Thrives in Wet Areas
As the name suggests, Swamp Milkweed thrives in wet areas and is well-suited to planting around ponds or streams. It can tolerate periods of saturation and can even withstand brief flooding, making it an excellent choice for gardens with poor drainage or areas prone to standing water. The ability of Swamp Milkweed to thrive in wet conditions allows gardeners to incorporate milkweed into water-rich environments while still providing essential habitat for pollinators.
Suitable for Planting around Ponds or Streams
Swamp Milkweed is an ideal choice for planting around ponds or streams. Its ability to tolerate wet conditions makes it perfect for enhancing the natural aesthetics of these environments. Furthermore, the presence of Swamp Milkweed in such habitats helps attract and support a wide range of pollinators, including Monarch Butterflies. The combination of its beauty and ecological value make Swamp Milkweed a top choice for gardeners seeking to create a vibrant and wildlife-friendly water feature.
Tropical Milkweed, scientifically known as Asclepias curassavica, is a non-native milkweed species. It is a perennial plant that can reach heights of two to three feet. The stems are slender, and the leaves are narrow and lance-shaped. The flowers of Tropical Milkweed are vibrant, with a range of colors including orange, yellow, and red.

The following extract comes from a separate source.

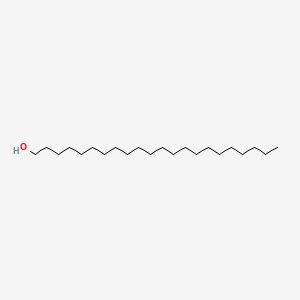 2D chemical structure of VinShield-BA (1-Docosanol 50%)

As a non-native species, Tropical Milkweed may not be the best choice for supporting Monarch Butterflies. It originated in tropical regions and does not naturally occur in Nebraska or other parts of the United States. While Tropical Milkweed can still attract Monarch Butterflies and other pollinators, it is important to be cautious when planting it. It has been found that the prolonged presence of Tropical Milkweed, especially when grown year-round, may disrupt the natural migratory patterns of Monarch Butterflies and lead to the spread of diseases among the populations.

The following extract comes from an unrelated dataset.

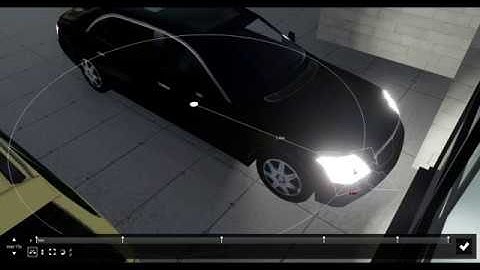 [ 3D Magic Tutorials ] - Lumion 5 - Lumion 6 - Car moving with light tutorial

Potential Harm to Monarchs
One issue with Tropical Milkweed is that it can provide a breeding ground for a parasite called OE (Ophryocystis elektroscirrha) that affects Monarch Butterflies. When Monarchs lay their eggs on Tropical Milkweed, the caterpillars can become infected with OE, which can negatively impact their health and reproductive success. To avoid potential harm to Monarchs, it is recommended to choose native milkweed species instead.
Choose Native Species
To support the health and conservation of Monarch Butterflies and other native pollinators, it is crucial to choose native milkweed species over non-native ones like Tropical Milkweed. Native milkweeds have co-evolved with local pollinators and provide the best habitat and food sources for them. By selecting native milkweeds and creating pollinator-friendly landscapes, gardeners can play a vital role in preserving the delicate balance of nature and ensuring the survival of Monarch Butterflies for generations to come.